(HOW TO COMPLETE THIS TASK)
Your answer should be every line from the records that contains "Picture".

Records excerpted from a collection
Content starts
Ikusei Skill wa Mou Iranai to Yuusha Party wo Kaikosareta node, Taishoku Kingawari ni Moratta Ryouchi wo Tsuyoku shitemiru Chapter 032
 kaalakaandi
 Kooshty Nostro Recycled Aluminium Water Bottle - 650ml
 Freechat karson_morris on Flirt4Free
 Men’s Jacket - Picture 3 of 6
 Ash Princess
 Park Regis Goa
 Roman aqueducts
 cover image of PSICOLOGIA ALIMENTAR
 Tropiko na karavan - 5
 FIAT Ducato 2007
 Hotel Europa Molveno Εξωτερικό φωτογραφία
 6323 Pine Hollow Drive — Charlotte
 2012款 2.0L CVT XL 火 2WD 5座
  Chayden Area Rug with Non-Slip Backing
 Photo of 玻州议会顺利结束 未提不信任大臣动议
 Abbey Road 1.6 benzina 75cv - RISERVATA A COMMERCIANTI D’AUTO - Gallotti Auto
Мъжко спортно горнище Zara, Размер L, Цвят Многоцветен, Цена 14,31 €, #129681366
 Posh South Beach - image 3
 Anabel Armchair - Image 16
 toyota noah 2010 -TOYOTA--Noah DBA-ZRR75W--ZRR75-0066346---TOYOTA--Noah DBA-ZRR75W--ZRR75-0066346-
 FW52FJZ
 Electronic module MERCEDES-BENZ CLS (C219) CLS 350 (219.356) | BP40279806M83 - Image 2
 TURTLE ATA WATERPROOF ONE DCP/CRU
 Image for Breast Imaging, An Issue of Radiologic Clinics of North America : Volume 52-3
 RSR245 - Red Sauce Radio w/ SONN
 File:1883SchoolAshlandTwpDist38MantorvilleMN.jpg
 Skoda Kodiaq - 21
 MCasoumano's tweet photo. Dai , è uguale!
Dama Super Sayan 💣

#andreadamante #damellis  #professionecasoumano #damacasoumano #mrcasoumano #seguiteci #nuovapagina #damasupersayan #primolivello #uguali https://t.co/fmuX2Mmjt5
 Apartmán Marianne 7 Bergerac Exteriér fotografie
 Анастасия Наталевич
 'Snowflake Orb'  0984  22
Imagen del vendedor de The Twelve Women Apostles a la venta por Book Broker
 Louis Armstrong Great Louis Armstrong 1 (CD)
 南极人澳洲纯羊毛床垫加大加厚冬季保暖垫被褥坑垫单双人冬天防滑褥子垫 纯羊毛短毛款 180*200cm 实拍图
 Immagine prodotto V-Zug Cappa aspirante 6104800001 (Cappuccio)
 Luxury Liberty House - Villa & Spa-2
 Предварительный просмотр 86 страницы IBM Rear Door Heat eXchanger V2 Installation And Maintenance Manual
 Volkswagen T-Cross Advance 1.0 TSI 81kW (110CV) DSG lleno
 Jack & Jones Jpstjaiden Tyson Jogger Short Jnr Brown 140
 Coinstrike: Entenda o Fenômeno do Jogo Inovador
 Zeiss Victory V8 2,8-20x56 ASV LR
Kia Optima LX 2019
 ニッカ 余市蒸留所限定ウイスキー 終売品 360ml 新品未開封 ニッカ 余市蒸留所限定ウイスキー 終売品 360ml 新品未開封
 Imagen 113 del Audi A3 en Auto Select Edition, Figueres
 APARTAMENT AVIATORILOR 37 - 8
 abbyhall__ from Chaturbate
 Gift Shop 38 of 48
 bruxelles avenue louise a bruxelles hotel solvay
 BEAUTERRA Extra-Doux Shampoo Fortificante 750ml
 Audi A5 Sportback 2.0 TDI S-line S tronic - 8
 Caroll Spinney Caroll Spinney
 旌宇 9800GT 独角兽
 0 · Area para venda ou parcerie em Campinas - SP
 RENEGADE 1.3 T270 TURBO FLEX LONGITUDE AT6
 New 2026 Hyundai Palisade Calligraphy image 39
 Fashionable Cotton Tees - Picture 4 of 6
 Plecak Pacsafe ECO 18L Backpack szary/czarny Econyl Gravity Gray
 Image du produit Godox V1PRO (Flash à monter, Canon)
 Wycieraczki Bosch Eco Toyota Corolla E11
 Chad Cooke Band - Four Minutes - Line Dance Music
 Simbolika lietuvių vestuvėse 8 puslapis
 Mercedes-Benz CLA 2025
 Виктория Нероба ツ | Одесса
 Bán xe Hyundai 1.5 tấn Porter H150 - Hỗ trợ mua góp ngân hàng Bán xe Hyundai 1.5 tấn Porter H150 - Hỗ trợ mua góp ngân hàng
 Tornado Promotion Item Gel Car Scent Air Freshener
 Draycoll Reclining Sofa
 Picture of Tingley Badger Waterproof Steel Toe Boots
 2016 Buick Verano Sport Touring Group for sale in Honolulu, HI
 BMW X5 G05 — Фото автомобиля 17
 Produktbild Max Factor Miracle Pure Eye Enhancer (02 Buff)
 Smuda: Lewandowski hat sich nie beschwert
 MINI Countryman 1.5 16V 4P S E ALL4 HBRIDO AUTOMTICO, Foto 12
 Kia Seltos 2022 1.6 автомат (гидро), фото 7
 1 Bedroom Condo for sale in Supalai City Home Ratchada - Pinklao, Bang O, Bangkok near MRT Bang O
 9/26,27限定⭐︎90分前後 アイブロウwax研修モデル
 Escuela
Content ends
(REPLY TO THE EXERCISE)
 Men’s Jacket - Picture 3 of 6
 Fashionable Cotton Tees - Picture 4 of 6
 Picture of Tingley Badger Waterproof Steel Toe Boots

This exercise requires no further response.